Александр Белобратов: Ваши произведения выходят в немецкоязычных странах огромными тиражами, ваши пьесы ставятся в самых престижных театрах, всегда вызывая бурные дебаты и дискуссии. Как вы относитесь к вашим читателям (зрителям) и критикам?

Эльфрида Елинек: Мне трудно что-либо сказать о своих читателях: я почти не выступаю с публичными чтениями своих произведений, поэтому обратная связь практически отсутствует. Что касается литературных критиков, то меня всегда неприятно поражала ярость, с какой они реагировали на мои тексты, поражала их взвинченность, их «повышенное напряжение». У меня возникает чувство, что к моим книгам мало кто подходит со спокойно-взвешенных позиций. Конечно, это, может быть, и хорошо, но для меня лично в этом есть известный отрицательный смысл. Если, к примеру, театральный критик в полемическом запале пишет: «Эту пьесу ["Привал"] и ей подобные мы не намерены терпеть в наших театрах!» — то здесь слышится совершенно отчетливый цензурный окрик, призыв запретить постановку определенных пьес. Меня это очень раздражает, я предпочитаю, чтобы о моих театральных произведениях дискутировали более спокойно, а не «преследовали» их с откровенной злобой. То есть мне неприятна чрезмерно эмоциональная реакция на мою работу, зачастую не имеющая отношения к сути дела.
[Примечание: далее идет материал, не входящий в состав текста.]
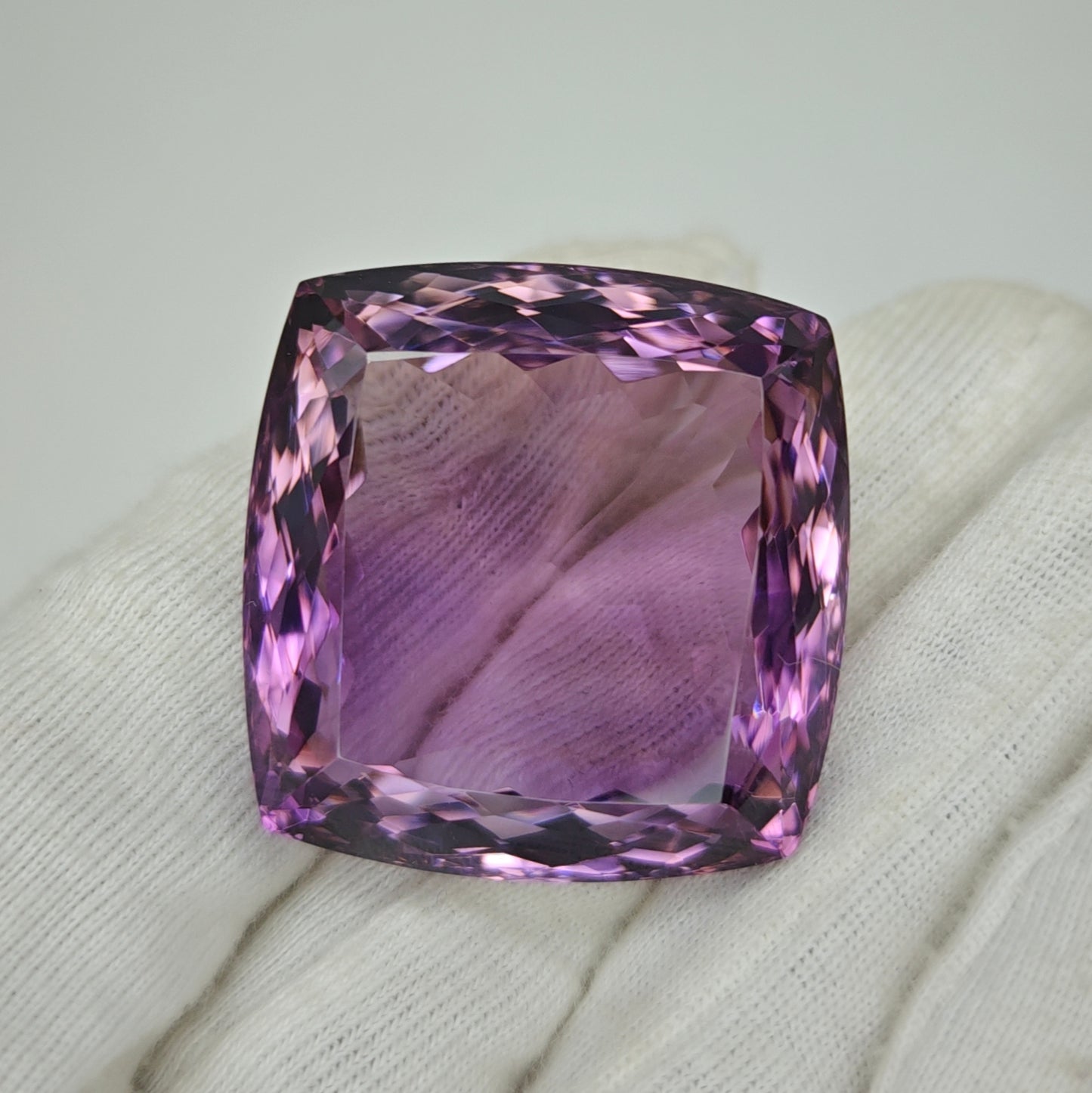 128.70 Ct Natural Cushion-Cut Amethyst Gemstone – Deep Purple Beauty, Large Amethyst Cushion.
А. Б.: Что вызывает беспокойство или даже озлобление у ваших критиков? «Табуированные» темы, вопросы, «разоблачения», или же речь идет о ваших литературных, стилистических приемах?
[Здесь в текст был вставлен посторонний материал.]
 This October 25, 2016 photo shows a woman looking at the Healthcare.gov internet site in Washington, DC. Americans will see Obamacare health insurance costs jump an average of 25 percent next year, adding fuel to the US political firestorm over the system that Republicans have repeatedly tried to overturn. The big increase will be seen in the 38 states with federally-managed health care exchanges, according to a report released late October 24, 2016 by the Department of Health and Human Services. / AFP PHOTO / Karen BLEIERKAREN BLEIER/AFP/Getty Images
Э. Е.: По всей видимости, критики часто не в состоянии сделать различие между мной как личностью и тем, что я описываю, то есть между автором и «сообщением», которое содержится в его текстах. Рецензенты обрушиваются на «вестника», вместо того чтобы хоть раз задуматься над «вестью». Они не умеют расшифровать мой эстетический код и скользят по поверхности, обращая внимание на голое высказывание, приписывая его мне. Их шокирует самая поверхность произведения, что особенно отчетливо проявилось при постановке пьесы «Привал», когда все по преимуществу отреагировали на «скандальность» того, как была показана пьеса, и никто не удосужился углубиться в вопрос, что в ней было показано. Для меня эти так называемые «шокирующие» сцены были лишь средством, чтобы передать мои представления о мире и, в еще большей степени, чтобы опробовать новый эстетический подход, позволяющий проникнуть как можно глубже в проблему. Как говаривал Брехт: речь не идет о том, чтобы влить новое вино в старые мехи, нужно найти новые мехи. Напомню об известной «дискуссии о реализме»: форма и содержание должны пронизывать и диалектически взаимообусловливать друг друга. Одно не может возникнуть в отрыве от другого.
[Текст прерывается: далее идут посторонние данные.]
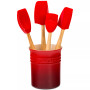 5 Piece Utensil Set with Stoneware Utensil Crock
А. Б.: Как вы представляете себе вашего «идеального» читателя? Нужен ли он вам? Должен ли он быть близким вам по умонастроению, любить то, что нравится вам, и ненавидеть то, что ненавидите вы?

Э. Е.: Читатель вовсе не должен иметь те же представления о мире, что и я. Совсем наоборот. Но он должен уметь подходить к тем вещам и проблемам, о которых я пишу, без предубеждения. Он должен понять не только то, о чем я пишу, но и почему я пишу так, а не иначе. Почему, например, в моем романе «Похоть» персонажи из рабочей среды изъясняются цитатами из Гёльдерлина, а персонажи из высших слоев общества — тривиальным, клишированным языком толпы. Словом, герои по сути «безмолвные» наделены лучшим, что существует в языке, а другие, которые хотят защитить язык от влияния простонародья, получают то, чего они заслуживают: убогий язык рекламы и масс-медиа. Таким образом, восприятие не должно быть направлено исключительно на содержание произведений… Я использую авангардные приемы, разработанные, например, «Венской группой»[74] еще в 50-е годы, а до них применявшиеся дадаистами и сюрреалистами (традиция эта у нас была прервана с наступлением нацизма). Поэтому мои тексты останутся непонятными, если их воспринимать просто как тексты скандального содержания. Мой идеальный читатель должен быть всего лишь открыт навстречу произведению и готов всюду следовать за мной.

А. Б.: Какую роль играет для вас литературная традиция? Можно ли трактовать то, что вы упомянули Брехта и литературный авангард («Венскую группу»), как ответ на этот вопрос? Есть ли у вас другие «родители» или «прародители» в литературе? Ощущаете ли вы какое-нибудь влияние русской литературы?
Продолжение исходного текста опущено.